5 Tips to Ensure Your Organization Is Inclusive

Kids Included Together (KIT) is honored to now be a partner with BGCA to ensure equity for youth with disabilities and their families. Equity is often thought about in terms of race or ethnicity, but individuals with disabilities are also an underserved population. 

According to the World Health Organization, children with disabilities (of all races and ethnicities) are among the world’s most marginalized and excluded children. KIT works with BGCs and other organizations to meaningfully include kids with disabilities through disability inclusion training, policy development and sharing our best practices information and research.

Integration vs Exlusion vs segregationOne of my favorite ways to introduce the concept of inclusion in training is with the graphic below (which shows the difference between inclusion, exclusion, segregation, and integration). Many times, this creates an “ah-ha” moment. I love those! An animated discussion usually follows, with participants recognizing that inclusion means going beyond access to provide the necessary individual accommodations and supports for meaningful participation.
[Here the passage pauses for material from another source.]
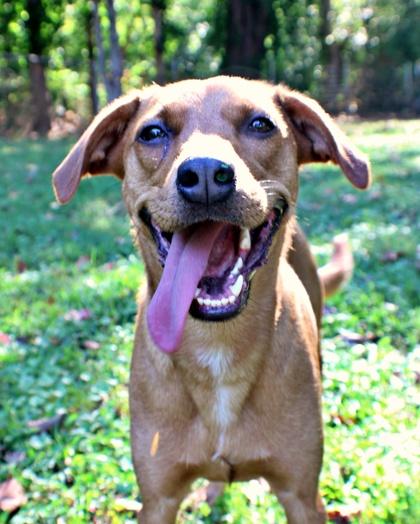 Enlarge Sophie, a Adoptable mixed breed in Morton Grove, IL image 2/2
You can ensure that your organization is truly inclusive by reflecting on your policies, practices and procedures to ensure that they welcome and support individual youth and families. Take a minute to compare your organization’s philosophy to the main points of disability inclusion below. Does your organization have:

  1. A shared way of thinking where every child or youth has value and can contribute in a meaningful way.
  2. A belief that every child or youth has the inherent right to contribute to his or her community.
  3. An approach where individualized accommodations promote access to your programs.
  4. A community where staff and families work together and are supported by resources and training.
  5. A space where youth with and without disabilities acknowledge and value differences.

As a youth development professional who has seen first-hand the impact of Boys & Girls Clubs on the lives of all youth, I personally thank BGCA for being such a strong voice in the national conversation on disability inclusion for youth programs.